Targeting CD38 and PD-1 with isatuximab plus cemiplimab in patients with advanced solid malignancies: results from a phase I/II open-label, multicenter study

Paolo Andrea Zucali, Chia-Chi Lin, Bradley C Carthon, Todd M Bauer, Marcello Tucci, Antoine Italiano, Roberto Iacovelli, Wu-Chou Su, Christophe Massard, Mansoor Saleh, Gennaro Daniele, Alastair Greystoke, Martin Gutierrez, Shubham Pant, Ying-Chun Shen, Matteo Perrino, Robin Meng, Giovanni Abbadessa, Helen Lee, Yingwen Dong, Marielle Chiron, Rui Wang, Laure Loumagne, Lucie Lépine, Johann de Bono, Paolo Andrea Zucali, Chia-Chi Lin, Bradley C Carthon, Todd M Bauer, Marcello Tucci, Antoine Italiano, Roberto Iacovelli, Wu-Chou Su, Christophe Massard, Mansoor Saleh, Gennaro Daniele, Alastair Greystoke, Martin Gutierrez, Shubham Pant, Ying-Chun Shen, Matteo Perrino, Robin Meng, Giovanni Abbadessa, Helen Lee, Yingwen Dong, Marielle Chiron, Rui Wang, Laure Loumagne, Lucie Lépine, Johann de Bono

Abstract

Background: Preclinical data suggest that concurrent treatment of anti-CD38 and antiprogrammed death 1 (PD-1)/programmed death ligand 1 (PD-L1) antibodies substantially reduce primary tumor growth by reversing T-cell exhaustion and thus enhancing anti-PD-1/PD-L1 efficacy.

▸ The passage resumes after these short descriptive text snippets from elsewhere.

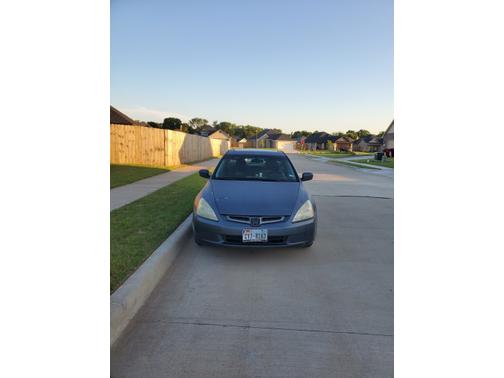 2005 Honda Accord EX-L
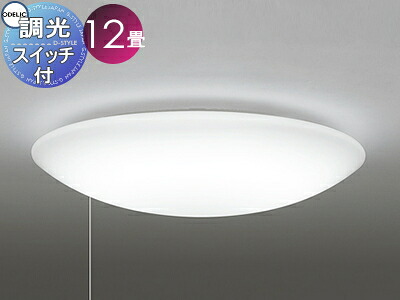 ともし火 格好のいい ともし火オーデリック ODELIC 最高限度ともし火 OL251896NR 昼白いこと OL251896LR 白熱電球色 ホンブルグ帽な丸形のプレーンベーシック 横出し取り替えっこ付 調光・～ 12畳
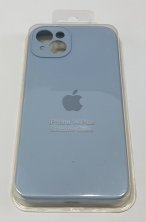 Чохол Silicone Case Copy Apple iPhone 14 Plus Square
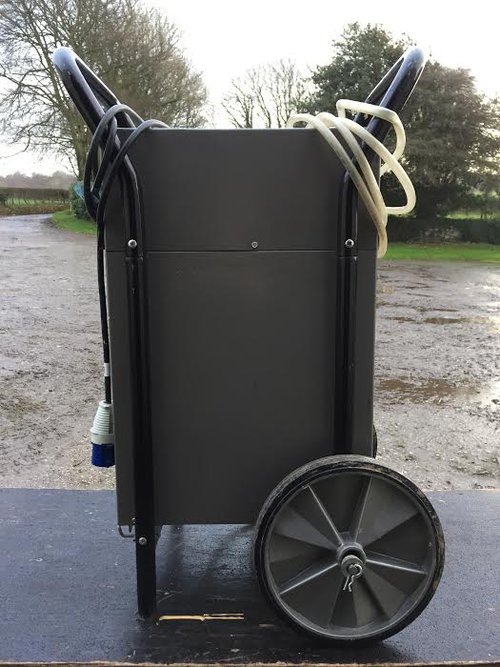 Wood's Industrial Dehumidifier 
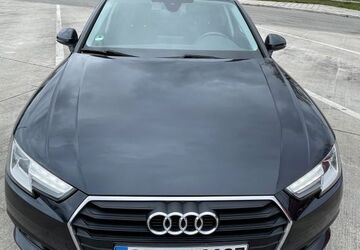 Audi A4 258.000 km 12.500 &euro; Starnberg 82319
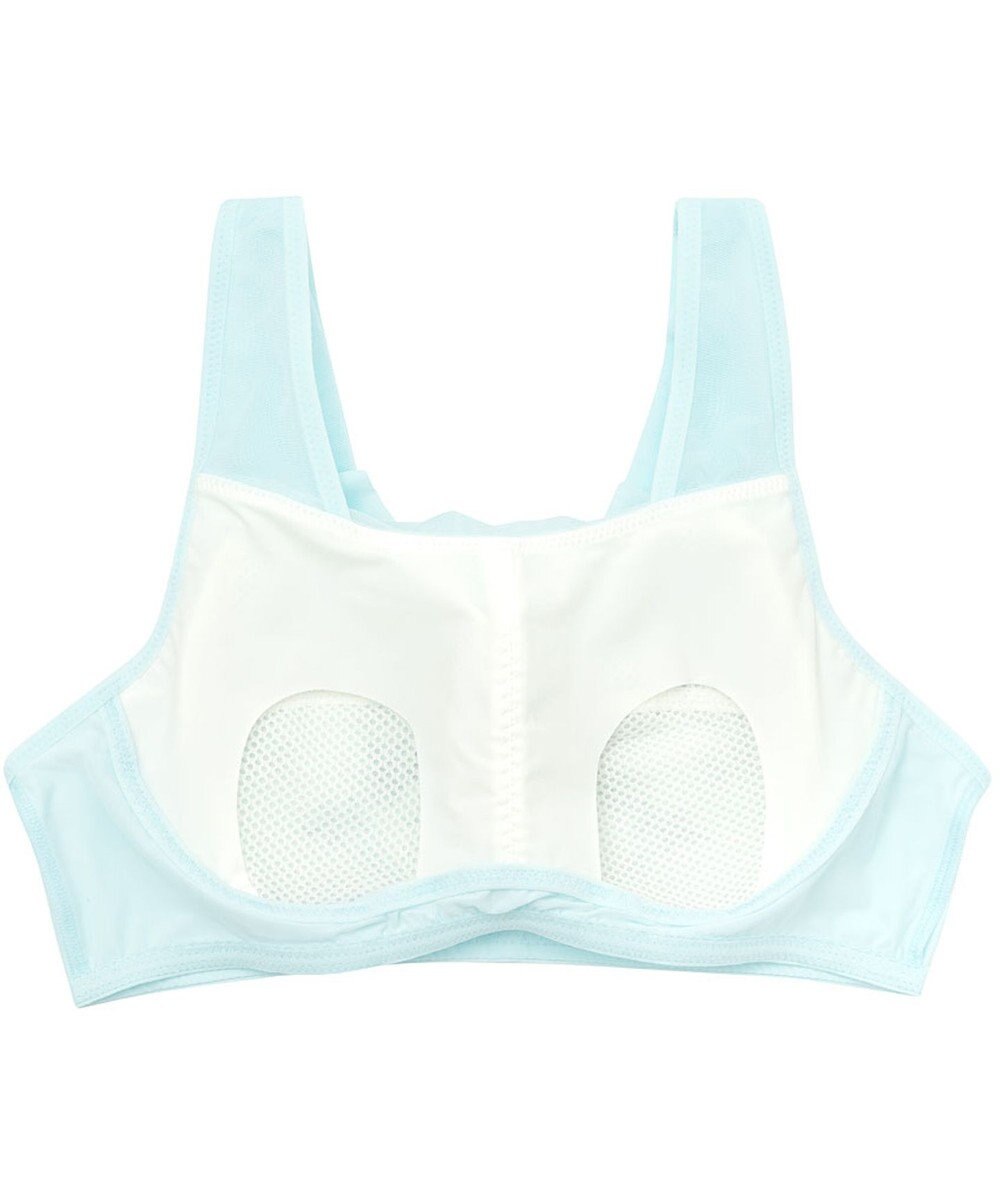 WACOAL 【ナイトアップブラ】 ノンワイヤーブラ 睡眠中のバストの不快感をやわらげる 寝汗の不快さを防ぐ ナイトブラ 夜用ブラ レディース BRA167 /ワコール 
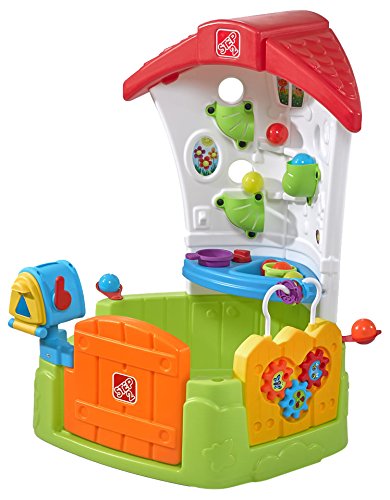 Casa para esquina de niños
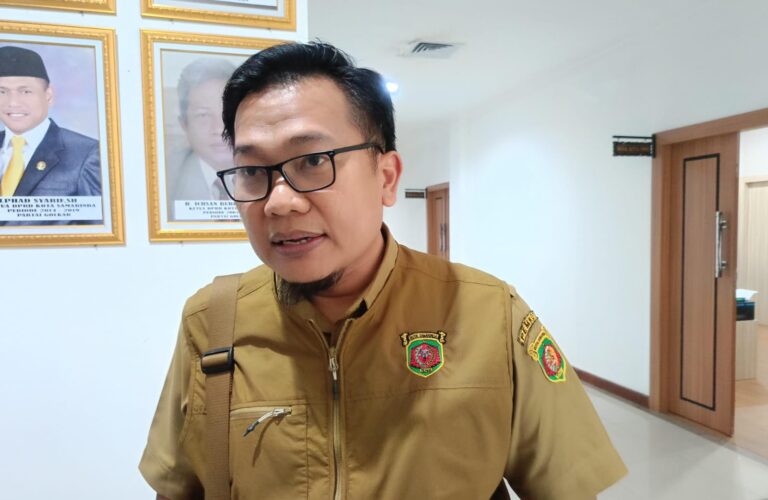 Kemiskinan Samarinda Turun, Serapan Anggaran Dinsos Baru 31 Persen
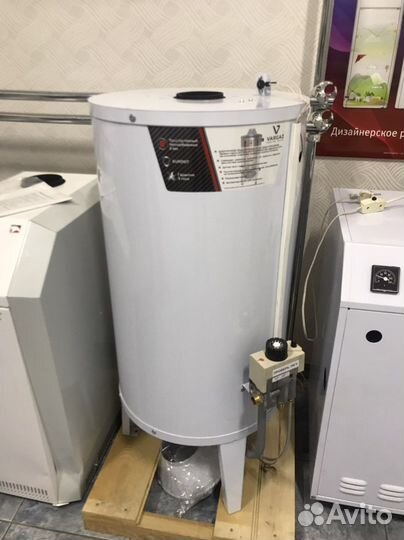 Газовые котлы напольные новые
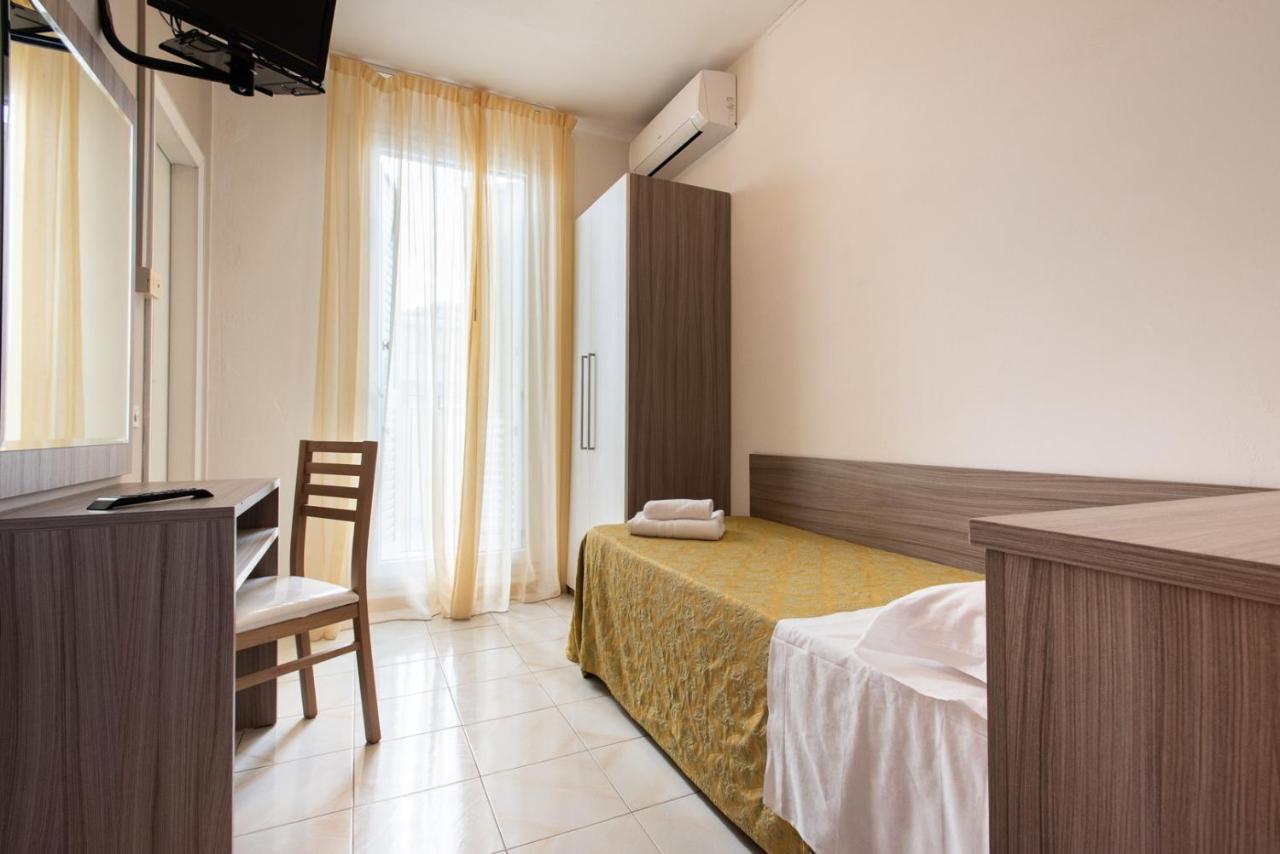 Hotel Consul - Family Hotel Riccione Exteriér fotografie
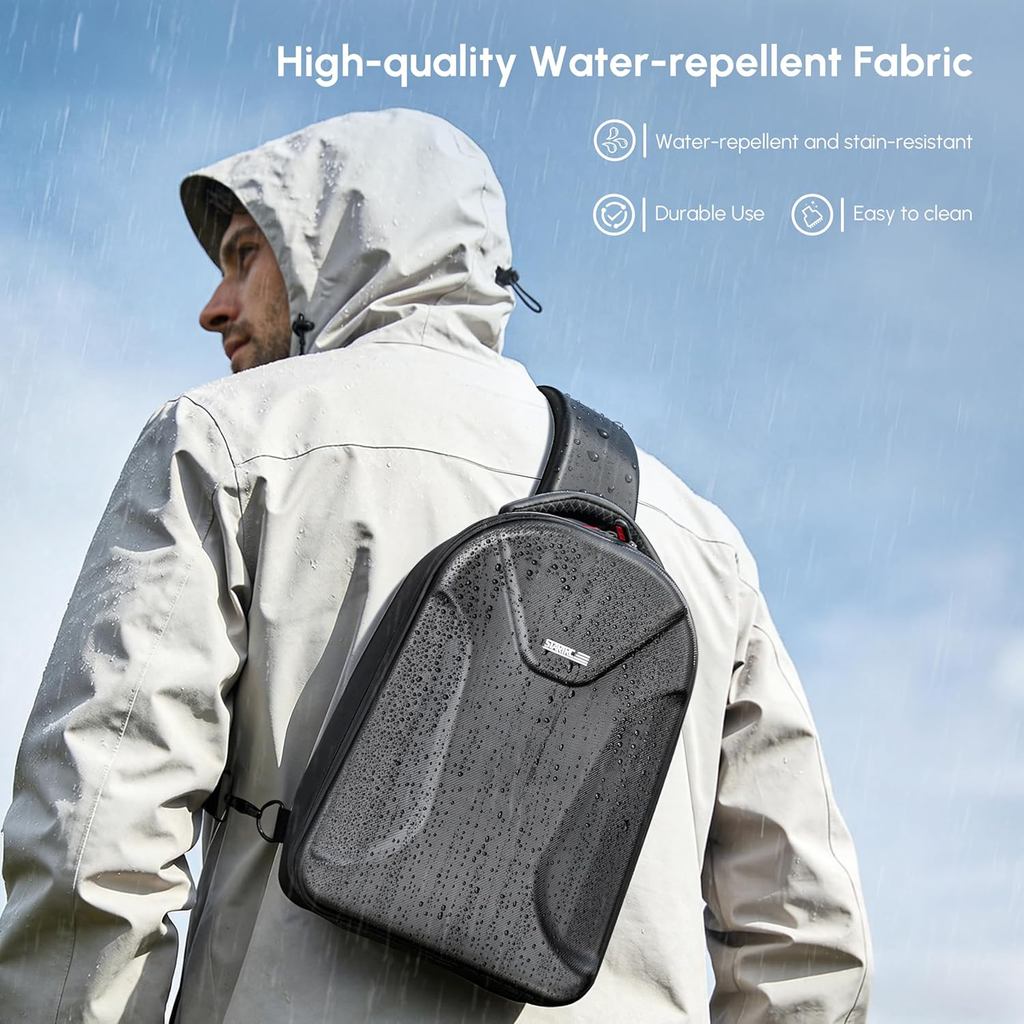 Waterproof Hard Carrying Backp - Drone Rc Pro 2 评论和价格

Methods: This phase I/II study enrolled patients with metastatic castration-resistant prostate cancer (mCRPC) or advanced non-small cell lung cancer (NSCLC). The primary objectives of phase I were to investigate the safety and tolerability of isatuximab (anti-CD38 monoclonal antibody)+cemiplimab (anti-PD-1 monoclonal antibody, Isa+Cemi) in patients with mCRPC (naïve to anti-PD-1/PD-L1 therapy) or NSCLC (progressed on anti-PD-1/PD-L1-containing therapy). Phase II used Simon's two-stage design with response rate as the primary endpoint. An interim analysis was planned after the first 24 (mCRPC) and 20 (NSCLC) patients receiving Isa+Cemi were enrolled in phase II. Safety, immunogenicity, pharmacokinetics, pharmacodynamics, and antitumor activity were assessed, including CD38, PD-L1, and tumor-infiltrating lymphocytes in the tumor microenvironment (TME), and peripheral immune cell phenotyping.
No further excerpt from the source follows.